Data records
════════

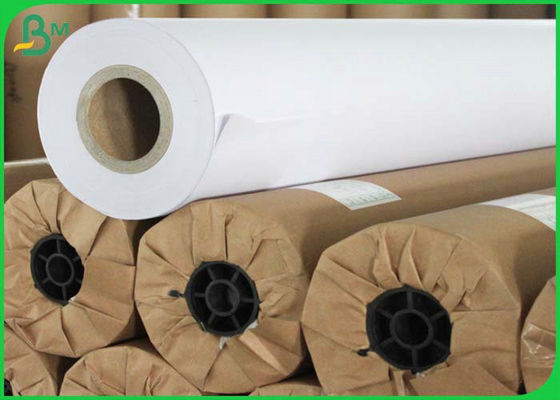 20lb branco 2" de papel bond papel de plotador do CAD do núcleo para lojas do serviço da cópia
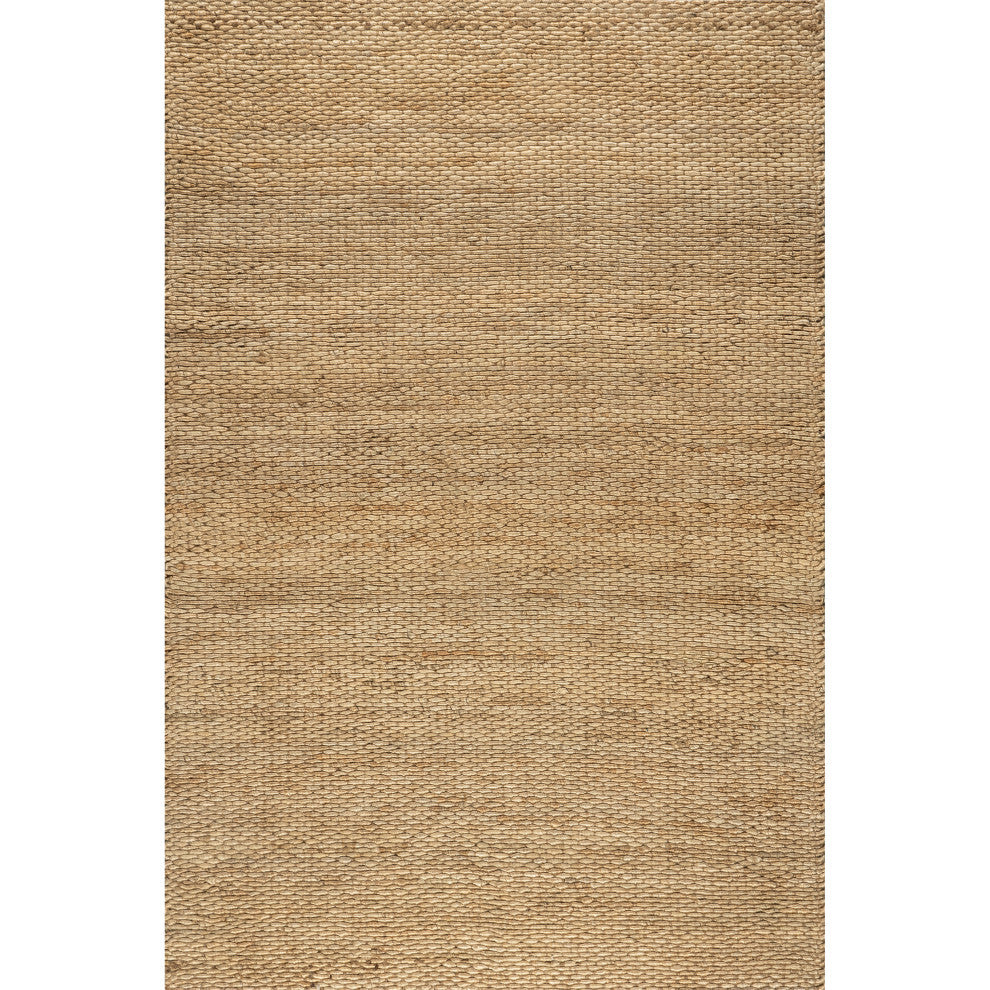 Nuloom Hand Woven Hailey Jute Area Rug, Natural 3'x5'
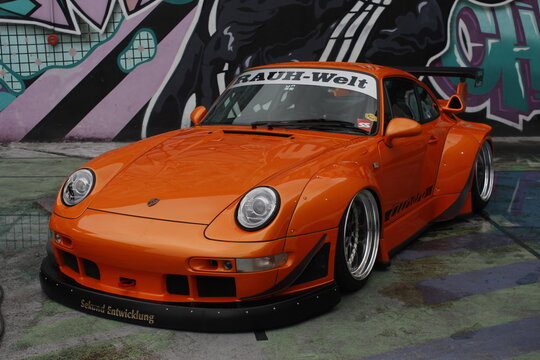 Porsche 911 rwb at Manila Fitted car meet in Paranaque, Philippines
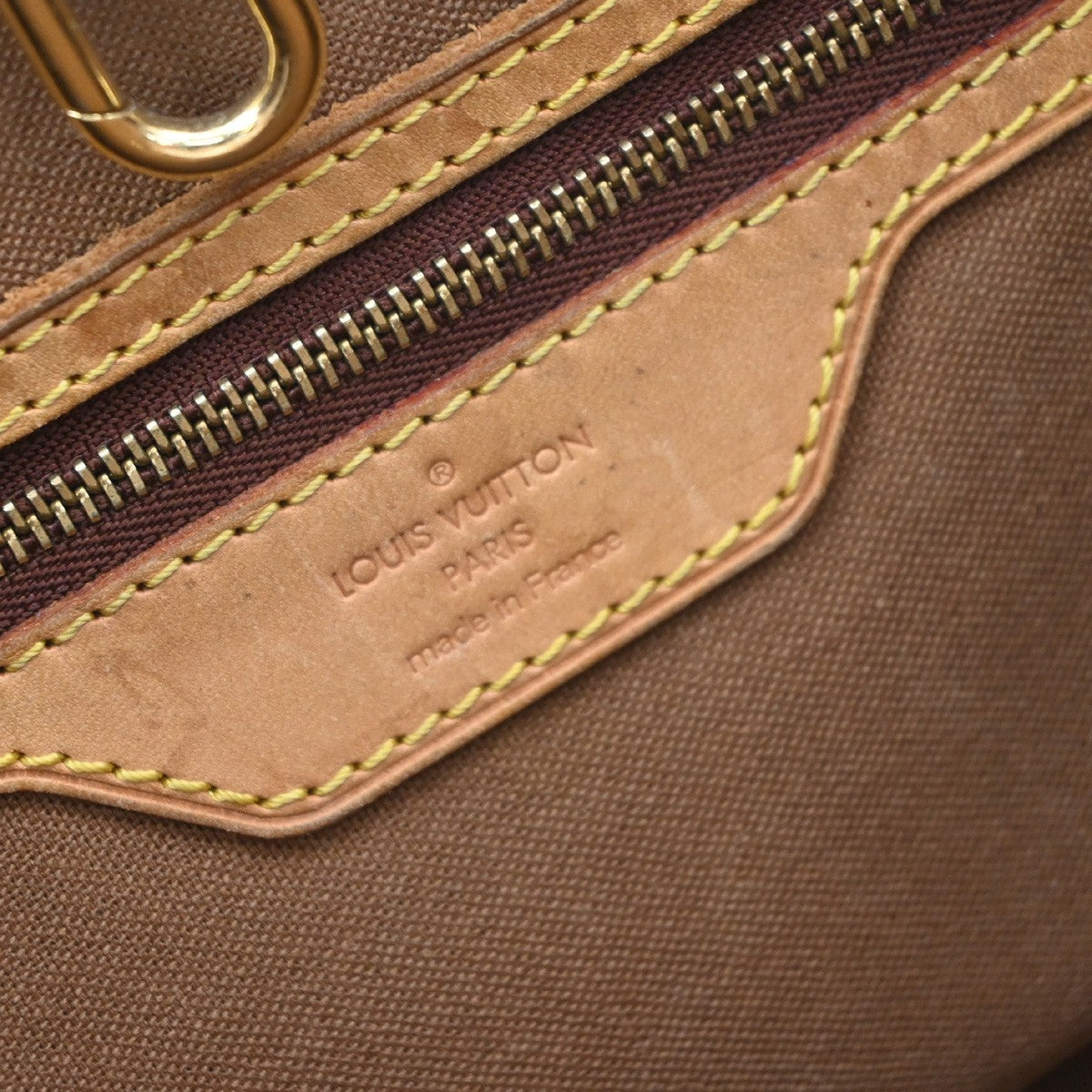 Louis Vuitton Batignolles Monogram Canvas Brown Canvas Tote Bag Bag (Pre-Owned)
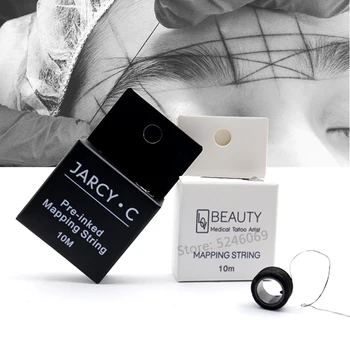 

10m Pre-Inked Microblading MAPPING STRING Eyebrow Marker thread Tattoo Brows Point Pre Inked tattoo PMU string for mapping tool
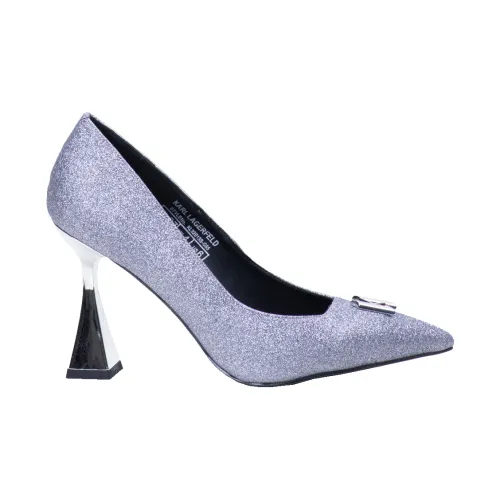 Karl Lagerfeld , Debut Brooch Court pumps ,Gray female, Sizes:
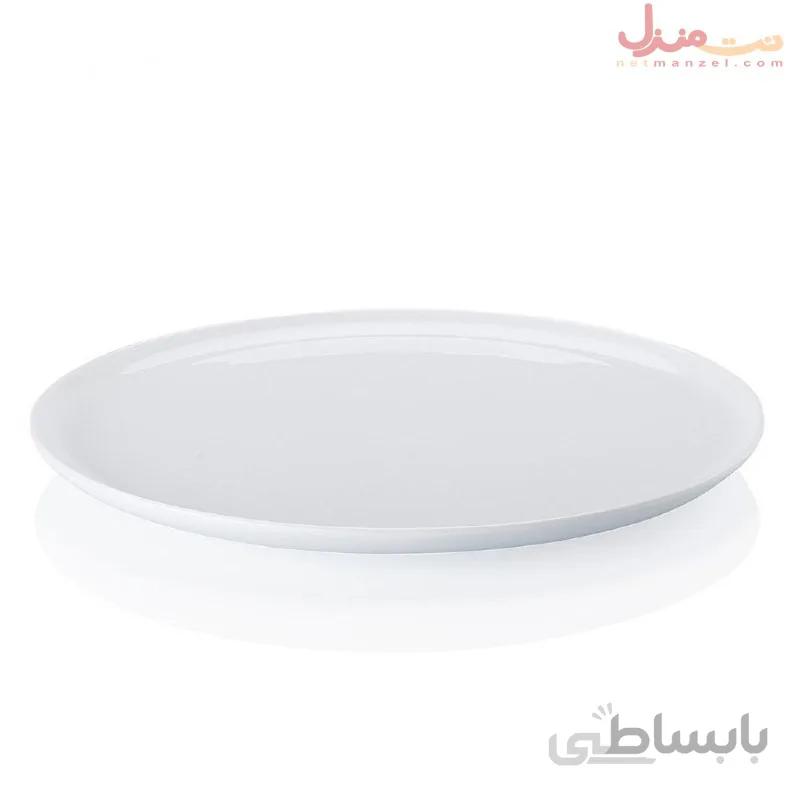 دیس گرد پیتزا لومینارک سفید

════════

Problem details: What you return must match the entries above exactly, apart from the pictures, which are left out.

Completed exercise:
 20lb branco 2" de papel bond papel de plotador do CAD do núcleo para lojas do serviço da cópia
 Nuloom Hand Woven Hailey Jute Area Rug, Natural 3'x5'
 Porsche 911 rwb at Manila Fitted car meet in Paranaque, Philippines
 Louis Vuitton Batignolles Monogram Canvas Brown Canvas Tote Bag Bag (Pre-Owned)

10m Pre-Inked Microblading MAPPING STRING Eyebrow Marker thread Tattoo Brows Point Pre Inked tattoo PMU string for mapping tool
 Karl Lagerfeld , Debut Brooch Court pumps ,Gray female, Sizes:
 دیس گرد پیتزا لومینارک سفید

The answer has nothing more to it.